I live under the philosophy that anyone can learn something from anyone, no matter how intelligent or not, or how good or not the other may be. If you choose to listen only to people who agree with your philosophy, you learn nothing.
In law school we are taught to learn both sides of an argument. If you know the strengths and the weaknesses of both sides of an argument, you are in a better position to argue your side of the argument.
Too many people choose what they will believe and not believe and then close their minds to all arguments that differ with their chosen beliefs. These people are defiant to cogent arguments that may reveal flaws in their belief system.

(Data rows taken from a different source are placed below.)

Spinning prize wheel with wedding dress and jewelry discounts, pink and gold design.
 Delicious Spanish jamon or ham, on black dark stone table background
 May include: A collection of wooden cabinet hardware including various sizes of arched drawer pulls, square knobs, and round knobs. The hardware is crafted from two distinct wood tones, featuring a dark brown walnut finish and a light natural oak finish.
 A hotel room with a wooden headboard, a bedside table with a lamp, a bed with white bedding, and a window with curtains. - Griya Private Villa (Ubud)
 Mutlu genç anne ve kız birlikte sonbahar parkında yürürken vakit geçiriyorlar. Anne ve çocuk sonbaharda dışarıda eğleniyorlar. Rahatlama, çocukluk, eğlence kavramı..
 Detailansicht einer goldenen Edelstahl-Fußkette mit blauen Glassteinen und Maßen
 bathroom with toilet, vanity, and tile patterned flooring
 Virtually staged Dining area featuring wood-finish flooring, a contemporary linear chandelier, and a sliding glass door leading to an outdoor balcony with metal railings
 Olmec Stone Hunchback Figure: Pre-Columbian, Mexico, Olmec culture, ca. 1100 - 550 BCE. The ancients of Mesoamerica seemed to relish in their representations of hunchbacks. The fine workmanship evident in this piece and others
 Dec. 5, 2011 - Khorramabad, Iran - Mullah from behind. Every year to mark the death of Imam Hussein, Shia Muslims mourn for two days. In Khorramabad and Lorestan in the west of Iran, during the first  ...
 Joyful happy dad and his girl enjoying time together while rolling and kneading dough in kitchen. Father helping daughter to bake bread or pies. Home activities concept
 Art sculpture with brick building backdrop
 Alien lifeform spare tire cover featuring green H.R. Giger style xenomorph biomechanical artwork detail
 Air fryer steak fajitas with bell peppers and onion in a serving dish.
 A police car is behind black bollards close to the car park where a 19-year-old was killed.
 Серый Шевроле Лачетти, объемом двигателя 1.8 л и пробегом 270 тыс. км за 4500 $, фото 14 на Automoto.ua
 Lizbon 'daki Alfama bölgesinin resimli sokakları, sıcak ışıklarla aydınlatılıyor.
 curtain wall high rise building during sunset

I have read books written by lawyers, philosophers, physicists ... Hitler, American Indians ... biographies about Dr. King, Gandhi, Jefferson, Franklin ... philosophies about Christianity, Judaism, Marxism, Capitalism, Atheism ... history as told by Americans, Indians, Chinese, French ... to name a few. The idea is to understand why different philosophies develop. Why different people think differently. You can choose for yourself if your philosophy stands "as is" or needs revision or falls to another philosophy. But how can you truly know you are on the right track if you only listen to yourself and others who think like you.
And if you fear exposure to "unnecessary evils," then you must question your own beliefs. Because if you fear words that different from your own, you must have doubts in your own beliefs. And if you have doubts in your own beliefs, then you must ask yourself if you are wrong. And if you are wrong, should not you discover what is right?